Friday, July 14, 2006

Sober detectives

Via "Pete Lit" (see here and here) I've learned of a brand new blog developed by Sara Paretsky and some of her fellow Chicago-based crime writers: it's called "The Outfit."

Paretsky writes:
When I first created V I [Warshawski], I gave her my own Scotch, Johnny Walker Black. As the years have gone by, I find myself able to drink less and less—a glass of wine with dinner is my sorry limit. Without realizing it, I’ve cut back V I’s rations as well. A reader recently wrote to complain that V I Warshawski—wasn’t drinking enough. I’m going to up the girl detective’s intake—she works hard, she’s fitter than I am, tougher in every way—I’m going to give her back her whisky bottle. But she will remain, as she always has been, a careful drinker: she doesn’t drink and drive, and when she’s hit on the head, she always has a hot sweet drink, sans booze. I worry that while this makes her more credible as a person, though, it sadly diminishes her noir credentials.
These revelations appear at an interesting time: I was just wondering about all the fictional detectives who have traded in an alcohol addiction for a fitness obsession.
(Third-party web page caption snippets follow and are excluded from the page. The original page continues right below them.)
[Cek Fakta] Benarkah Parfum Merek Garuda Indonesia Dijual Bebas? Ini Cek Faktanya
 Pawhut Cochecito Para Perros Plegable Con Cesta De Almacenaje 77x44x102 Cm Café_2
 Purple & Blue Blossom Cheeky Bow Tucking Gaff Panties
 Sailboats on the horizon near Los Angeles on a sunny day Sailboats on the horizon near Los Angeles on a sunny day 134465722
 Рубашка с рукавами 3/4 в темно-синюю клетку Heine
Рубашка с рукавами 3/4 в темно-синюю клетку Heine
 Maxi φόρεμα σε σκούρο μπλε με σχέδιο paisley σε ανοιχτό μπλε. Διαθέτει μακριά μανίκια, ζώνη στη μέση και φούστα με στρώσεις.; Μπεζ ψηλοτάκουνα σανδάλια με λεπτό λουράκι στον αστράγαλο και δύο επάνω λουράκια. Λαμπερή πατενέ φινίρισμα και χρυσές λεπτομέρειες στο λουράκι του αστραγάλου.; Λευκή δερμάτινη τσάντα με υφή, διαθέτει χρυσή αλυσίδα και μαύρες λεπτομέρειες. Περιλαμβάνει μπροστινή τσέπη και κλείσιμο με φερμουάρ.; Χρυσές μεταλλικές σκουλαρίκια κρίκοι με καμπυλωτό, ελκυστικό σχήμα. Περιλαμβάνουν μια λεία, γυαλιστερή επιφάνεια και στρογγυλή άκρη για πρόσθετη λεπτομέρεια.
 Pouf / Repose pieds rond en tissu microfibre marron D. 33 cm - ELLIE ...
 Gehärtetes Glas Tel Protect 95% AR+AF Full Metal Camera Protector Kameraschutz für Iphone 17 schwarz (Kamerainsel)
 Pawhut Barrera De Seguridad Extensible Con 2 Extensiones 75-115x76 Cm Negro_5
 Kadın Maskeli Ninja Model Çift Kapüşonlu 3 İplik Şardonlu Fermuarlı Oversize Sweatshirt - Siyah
I've just started Peter Spiegelman's Black Maps: his detective, John March, runs (a lot) and, I take it (these details are only gradually being revealed), is now through with what was once a serious alcohol jones that may be linked to the untimely death of his wife.

Just before that, I read Laura Lippman's new (and best yet) "Tess Monaghan" novel, No Good Deeds. Tess drinks a little wine and is not above the occasional hit of marijuana, but her real addiction is rowing.

And taunting me from the bookshelf is the new James Lee Burke novel, Pegasus Descending, which features the recovering alcoholic Dave Robichaux, another detective who battles his booze demons by running.

Which reminds me that Samantha Kincaid, the D.A. created by Alafair Burke who features in three fine legal/crime mysteries, is a runner, too.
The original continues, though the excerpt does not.